# Brecon Beacons National Park (Three peaks)



## hobbsy1010 (Jun 4, 2011)

A day off on Friday and a fair weather report was a good enough reason to pack the ruck sack and head for 'The Hills'!

An early start and forty minutes(by van) later me and Brook are in the heart of one of our National Parks called the Brecon Beacons with some of the highest peaks in Wales.

Our 'Trek' was to take in three peaks Cribyn, Pen y Fan(the highest mountain in southern Britain 886metres or 2,907ft) and Corn Du. This area is a well known training/playground for our Special Forces Regiments of the SAS, Gurkha's and SBS. They do the Trek with a few more miles added on and 'Twice' a day with a full rucksac kit!!!!

It was a big circular walk about 10.5 miles in total. A challenging walk taking in some breath taking scenery of the Welsh Highlands incorporating a 'Roman Road' (there is some argument as to weather it is 'Roman' or not, but it is certainly an ancient track, well used and well worn over the centuries).

We also took in a Bronze Age burial cairn, the remains of a peat bog and a small glacial lake.

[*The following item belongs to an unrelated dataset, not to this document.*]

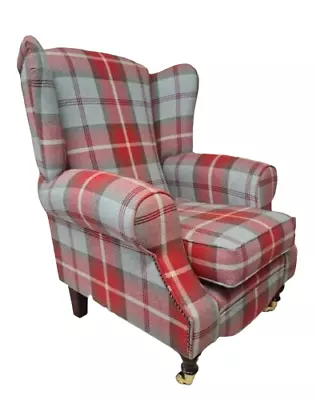 Accent Wing Back Queen Anne Cottage Chair Balmoral Cherry Tartan Dark Wood Legs • £479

Brook had two boiled eggs (special treat) at the summit and I a cheese sandwich and a KitKat (choc bar).The descent was a little quicker and the mist lifted as the day went on

We arrived home mid afternoon and after a shower both 'crashed' out on the settee for a few hours, well deserved 'KIP'

Here is a link to more photo's of our 'Three Peak Trek'

https://picasaweb.google.com/lh/sre...37905&authkey=Gv1sRgCN2O4ejQzafNUg&feat=email


----------



## R E McCraith (Nov 24, 2011)

Hope SAM had some great scotch in is backpack - the only way to end a great HIKE! allthough BURBON is better - LOL


----------



## Lindsey1420 (Jan 28, 2012)

Sounds like ya all had a great time. I wish I had something like that in my area :'(. Love me a KitKat bar!!


----------